Work instruction
From the line containing "Original ANATOMICAL Vintage" through the last line of the data, both ends included, write out every line exactly; omit the pictures.

════════════════════

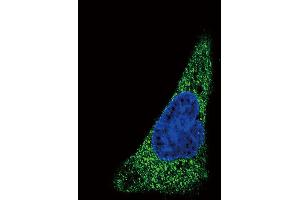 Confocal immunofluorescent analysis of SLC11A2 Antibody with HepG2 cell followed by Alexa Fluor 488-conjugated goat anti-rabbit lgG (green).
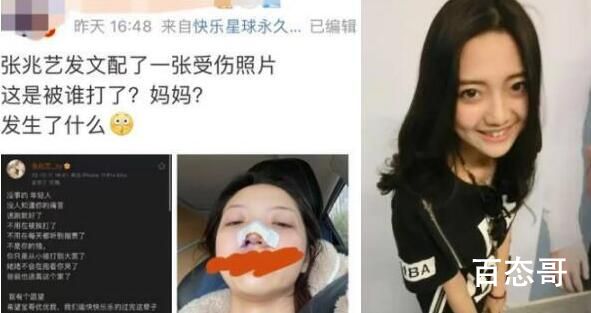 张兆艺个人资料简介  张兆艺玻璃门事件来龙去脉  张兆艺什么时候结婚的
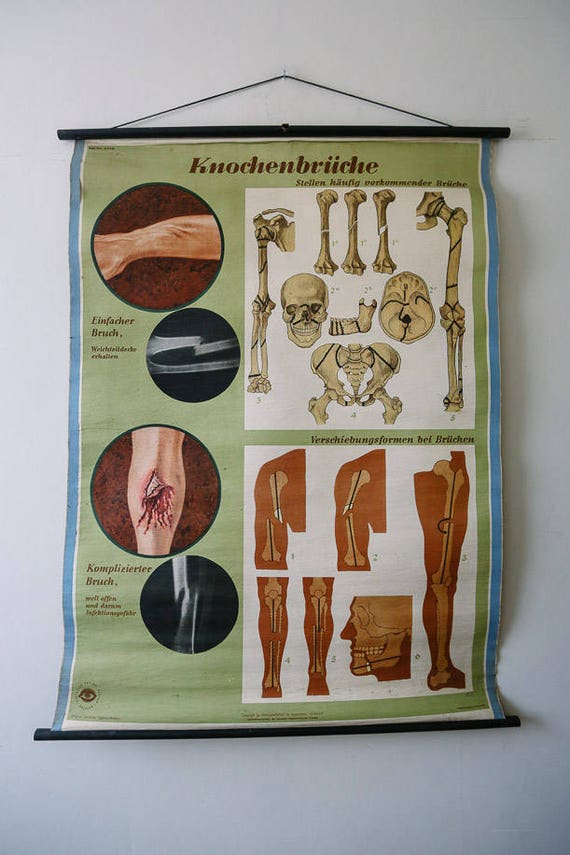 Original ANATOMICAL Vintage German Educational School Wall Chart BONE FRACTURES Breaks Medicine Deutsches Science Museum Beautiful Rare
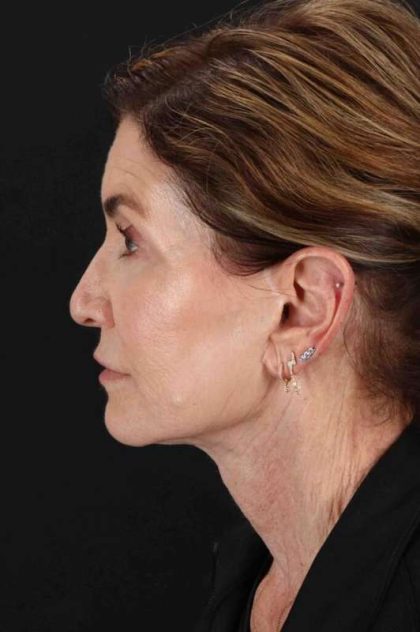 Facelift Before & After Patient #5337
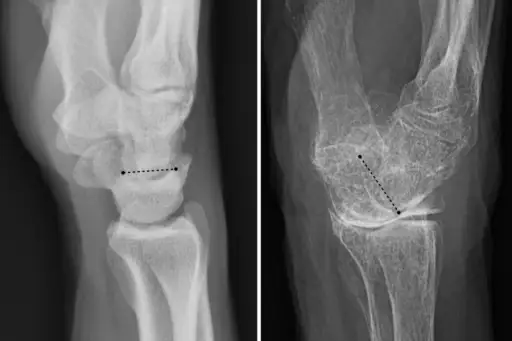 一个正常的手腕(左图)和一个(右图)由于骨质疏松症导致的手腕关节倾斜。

════════════════════

Output of the task
 Original ANATOMICAL Vintage German Educational School Wall Chart BONE FRACTURES Breaks Medicine Deutsches Science Museum Beautiful Rare
 Facelift Before & After Patient #5337
 一个正常的手腕(左图)和一个(右图)由于骨质疏松症导致的手腕关节倾斜。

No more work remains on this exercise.